Clinical trials have demonstrated the superior effectiveness of medication to treat opioid use disorder (OUD) to nonpharmacologic treatments, but national data on the comparative effectiveness of real-world OUD treatment pathways have been lacking.
A team of investigators reviewed insurance claims of more than 40,000 people age 16 and older diagnosed with OUD. They looked at data for six different treatment pathways, including (1) no treatment, (2) the medications buprenorphine or methadone, (3) the medication naltrexone, (4) inpatient detoxification or residential services, (5) intensive behavioral health, including intensive outpatient counseling or partial hospitalization, and (6) nonintensive behavioral health, which included outpatient counseling. Scientists then reviewed follow up records of the patients receiving treatment at 3 and 12 months and compared their outcomes to those of people who received no treatment.
Only treatment with buprenorphine or methadone was associated with reduced risk of overdose at both time points. Indeed, treatment with either of these medications was associated with a 76% reduction in overdose at 3 months and a 59% reduction at 12 months. Compared with no treatment, buprenorphine or methadone treatment was also associated with a 32% and 26% relative reduction in serious opioid-related acute care use at 3 and 12 months, respectively. Serious opioid-related acute care use was defined as an emergency hospitalization with a primary opioid diagnosis code.
Despite these findings, treatment with buprenorphine or methadone is uncommon, recorded in only 12.5% of the patients in the study. The most common treatment pathway was nonintensive behavioral health (59.3%), followed by inpatient detoxification or residential services (15.8%), not receiving any treatment (5.2%), receiving naltrexone (2.4%), and intensive behavioral health (4.8%). Nonintensive behavioral treatment was also associated with reduced risk of overdose at 12 months and reduced risk of opioid-related acute care use, a finding that may reflect differences in the population of patients referred to this type of treatment. The authors discuss barriers to the use of methadone and buprenorphine and suggest strategies for increasing their use.

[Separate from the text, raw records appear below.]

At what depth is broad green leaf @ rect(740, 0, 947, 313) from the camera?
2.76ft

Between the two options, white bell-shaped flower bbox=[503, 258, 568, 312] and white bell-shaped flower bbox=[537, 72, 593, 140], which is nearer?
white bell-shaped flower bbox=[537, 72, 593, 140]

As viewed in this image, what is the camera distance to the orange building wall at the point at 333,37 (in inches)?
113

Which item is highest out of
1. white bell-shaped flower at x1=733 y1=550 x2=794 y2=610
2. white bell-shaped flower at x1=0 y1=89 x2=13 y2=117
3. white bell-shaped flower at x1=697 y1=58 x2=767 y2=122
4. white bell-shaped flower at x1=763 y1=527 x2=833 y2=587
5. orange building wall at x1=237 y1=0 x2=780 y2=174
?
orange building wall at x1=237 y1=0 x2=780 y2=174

The analysis in this study was performed from April 2018 to June 2019. The research was supported by NIDA, the National Center for Advancing Translational Sciences, the Centers for Disease Control and Prevention, the US Food and Drug Administration, the Substance Abuse and Mental Health Services Administration, the Office of National Drug Control Policy, as well as the Laura and John Arnold Foundation.